Background Sexual dysfunction is common in patients with either ischaemic heart disease (IHD) or implantable cardioverter defibrillator (ICD) and has a negative impact on quality of life. Non-pharmacological treatment options are lacking. The purpose of this trial was to assess the effect of sexual rehabilitation versus usual care for males with erectile dysfunction and either IHD and/or ICD.

Methods Participants with erectile dysfunction and IHD and/or ICD were randomised to 12 weeks of sexual rehabilitation consisting of physical exercise training, pelvic floor exercise and psychoeducation, or usual care.
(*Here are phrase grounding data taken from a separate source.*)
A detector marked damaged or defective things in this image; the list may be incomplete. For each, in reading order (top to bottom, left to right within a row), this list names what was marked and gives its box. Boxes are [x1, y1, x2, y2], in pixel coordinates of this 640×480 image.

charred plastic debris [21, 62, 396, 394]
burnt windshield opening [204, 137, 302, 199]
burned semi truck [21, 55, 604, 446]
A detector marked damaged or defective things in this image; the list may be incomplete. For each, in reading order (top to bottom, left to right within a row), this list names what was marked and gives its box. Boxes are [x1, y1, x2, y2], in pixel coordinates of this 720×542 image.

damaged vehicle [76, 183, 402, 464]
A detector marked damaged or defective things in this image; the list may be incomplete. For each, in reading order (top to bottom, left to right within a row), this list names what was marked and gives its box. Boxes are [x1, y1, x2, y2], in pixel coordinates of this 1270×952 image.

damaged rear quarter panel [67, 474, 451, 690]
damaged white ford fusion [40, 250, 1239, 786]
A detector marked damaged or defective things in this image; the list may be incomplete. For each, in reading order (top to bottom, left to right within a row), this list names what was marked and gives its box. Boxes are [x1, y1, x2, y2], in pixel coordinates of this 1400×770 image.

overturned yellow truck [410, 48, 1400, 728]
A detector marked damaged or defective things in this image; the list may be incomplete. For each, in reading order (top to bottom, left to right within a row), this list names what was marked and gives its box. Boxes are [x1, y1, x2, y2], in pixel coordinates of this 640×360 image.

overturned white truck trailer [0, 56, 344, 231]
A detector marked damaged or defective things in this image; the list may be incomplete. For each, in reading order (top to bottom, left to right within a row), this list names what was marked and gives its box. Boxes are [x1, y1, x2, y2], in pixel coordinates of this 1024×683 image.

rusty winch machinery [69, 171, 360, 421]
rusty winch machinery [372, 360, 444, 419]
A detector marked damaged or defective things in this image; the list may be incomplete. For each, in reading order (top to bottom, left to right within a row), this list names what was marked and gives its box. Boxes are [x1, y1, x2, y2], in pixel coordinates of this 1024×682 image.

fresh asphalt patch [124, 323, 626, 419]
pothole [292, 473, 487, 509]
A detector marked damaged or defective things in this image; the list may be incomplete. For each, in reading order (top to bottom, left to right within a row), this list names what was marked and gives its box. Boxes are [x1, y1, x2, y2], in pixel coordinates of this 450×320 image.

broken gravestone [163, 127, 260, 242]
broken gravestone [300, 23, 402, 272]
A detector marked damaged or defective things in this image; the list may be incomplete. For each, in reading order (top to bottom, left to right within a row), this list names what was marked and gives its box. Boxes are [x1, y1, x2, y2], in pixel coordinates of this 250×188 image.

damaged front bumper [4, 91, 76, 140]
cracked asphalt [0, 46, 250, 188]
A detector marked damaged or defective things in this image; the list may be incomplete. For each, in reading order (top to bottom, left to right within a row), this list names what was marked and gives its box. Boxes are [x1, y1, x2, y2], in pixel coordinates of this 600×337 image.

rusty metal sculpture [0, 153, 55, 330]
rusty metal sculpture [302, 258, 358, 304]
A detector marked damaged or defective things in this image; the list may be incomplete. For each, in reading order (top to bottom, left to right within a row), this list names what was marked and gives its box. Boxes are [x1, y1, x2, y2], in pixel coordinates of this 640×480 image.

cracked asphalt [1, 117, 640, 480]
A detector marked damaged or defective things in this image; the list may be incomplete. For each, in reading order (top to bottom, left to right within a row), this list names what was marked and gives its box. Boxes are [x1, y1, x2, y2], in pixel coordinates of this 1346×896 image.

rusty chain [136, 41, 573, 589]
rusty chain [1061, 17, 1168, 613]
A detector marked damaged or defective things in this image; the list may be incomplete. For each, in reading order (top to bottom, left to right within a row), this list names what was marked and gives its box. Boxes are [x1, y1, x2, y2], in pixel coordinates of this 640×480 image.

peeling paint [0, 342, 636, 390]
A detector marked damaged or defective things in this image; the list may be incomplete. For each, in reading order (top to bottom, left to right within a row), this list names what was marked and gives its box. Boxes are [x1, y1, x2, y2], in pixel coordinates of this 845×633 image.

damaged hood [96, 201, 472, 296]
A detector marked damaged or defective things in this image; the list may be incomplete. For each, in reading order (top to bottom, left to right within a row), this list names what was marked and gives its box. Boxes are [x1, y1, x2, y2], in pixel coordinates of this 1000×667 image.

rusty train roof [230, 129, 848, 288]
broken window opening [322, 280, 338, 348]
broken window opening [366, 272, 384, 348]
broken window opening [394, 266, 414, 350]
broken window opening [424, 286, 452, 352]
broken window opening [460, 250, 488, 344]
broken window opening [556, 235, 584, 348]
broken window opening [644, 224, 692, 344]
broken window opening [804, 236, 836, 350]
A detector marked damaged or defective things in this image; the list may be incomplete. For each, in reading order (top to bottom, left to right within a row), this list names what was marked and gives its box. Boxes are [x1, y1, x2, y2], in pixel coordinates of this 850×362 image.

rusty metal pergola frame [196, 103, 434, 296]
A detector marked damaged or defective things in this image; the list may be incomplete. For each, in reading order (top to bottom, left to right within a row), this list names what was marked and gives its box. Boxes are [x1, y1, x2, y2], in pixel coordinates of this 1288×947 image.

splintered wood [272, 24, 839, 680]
Primary outcome: sexual function by the International Index of Erectile Function (IIEF). Secondary outcome: sexual function by the Psychosocial Adjustment to Illness Scale. Exploratory outcomes: exercise capacity, pelvic floor strength/endurance, self-reported health and mental health.

Results 154 participants were included, mean age 61.6 years (SD 6.1). Sexual rehabilitation compared with usual care improved sexual function with a mean difference IIEF score of 6.7 (95% CI 3.1 to 10.4, p<0.0003) at 4 months between groups (unadjusted IIEF mean scores 36.4 vs 31.3) and a mean difference of 6.7, 95% CI 3.2 to 10.1 (p<0.0002) at 6 months between groups (unadjusted mean scores IIEF 37.1 vs 32.2). No effects were seen on the secondary outcome. Sexual rehabilitation improved exercise capacity on cycle ergometer measured by Watt max with a mean difference of 10.3, 95% CI 3.6 to 16.9 (p<0.003) and pelvic floor strength (p<0.01). No differences were seen on self-reported health and mental health.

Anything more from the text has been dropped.